A little update on my Dad & my injurySo, the injury I'll have an MRI done within the next two weeks, unless something changes. Till then, not able to work and not sure what'll happen after MRI is done. As to my Dad, I got to thinking about how he reacted in the car and noticed this. While he was trying to put the blame on my past and how I haven't forgiven myself, he was also burying himself somewhat in his phone (We were stopped at the time because of red light) and he had a voice that indicated he was in shock and disbelief over what I was saying and doing and threatening to do too. I did tell him in the moment that, that attack was not caused by my past and has nothing to do with it but by him because of how he kept misgendering me, all he could say was how this is why you need to be in therapy and you know the rest. (Opening post) I have tried finding someone and, only have one option left, but, I don't want to talk about it and even then, it'd still be up to him to adjust and accept me as I am or the same thing would just happen again eventually. Now to the replies.
Quote from: Cynthia Michelle on July 22, 2014, 07:37:05 PM
If it gets to be too much then perhaps plan the day when you can move out.
If people ask me about my hair I say I like long hair.
I've been moved out and living on my own for a few years now, I do worry the day may come when I may have to move back in with him and then my life really would be a living hell compared to how it is now.. and if not him then someone else and same result..
It's a shame in this world we have to rely on family/friends and can't make it by without their help. Some may, but only if they're rich.
Quote from: Eva Marie on July 22, 2014, 10:02:51 PM
It might be worthwhile to point out to your dad that he is putting you in danger by using the wrong pronouns & name. One use of the wrong pronoun/name with the wrong "bubba" around overhearing it and you could be attacked. It is a safety issue.

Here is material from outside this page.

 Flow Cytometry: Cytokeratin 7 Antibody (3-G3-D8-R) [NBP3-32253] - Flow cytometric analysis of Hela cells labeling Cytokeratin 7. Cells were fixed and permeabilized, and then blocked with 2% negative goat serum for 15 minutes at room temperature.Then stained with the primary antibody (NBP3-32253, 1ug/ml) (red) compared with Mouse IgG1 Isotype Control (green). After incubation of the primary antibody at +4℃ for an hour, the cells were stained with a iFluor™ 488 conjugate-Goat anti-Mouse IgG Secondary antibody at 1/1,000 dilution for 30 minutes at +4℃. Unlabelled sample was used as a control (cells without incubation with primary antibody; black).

Thanks but, funny thing about people who've known you even for just a short time, they have trouble seeing you as the opposite gender, even if you do look and CAN PASS as said opposite gender. I've tried telling them that (Looks part) but they don't seem to get/believe it. Again thank you, I will try and mention it in the future if the time and such is right.
Quote from: Kade1985 on July 22, 2014, 08:09:47 PM
All I have to give is just grit your teeth and bare with it.
You gotta remember that those who do, and those that are at the very least respectful of it and try their very best to get the names and pronouns right are the ones that matter right now.
Yu-Gi-Oh thing is concerned.. , it's called Dueling Network. It's free, and goes by whatever current tourney rules are applicable and has the "traditional" option as well. Try that out if you can't get your hands on some decks/booster packs.
And that's what I've been doing but it still puts me in a bad/depressed mood. Now top that off with how many times it gets done and you get what happened in the car that day if it's bad enough. Luckily, that was the first time I'd become suicidal from how he was misgendering me but still..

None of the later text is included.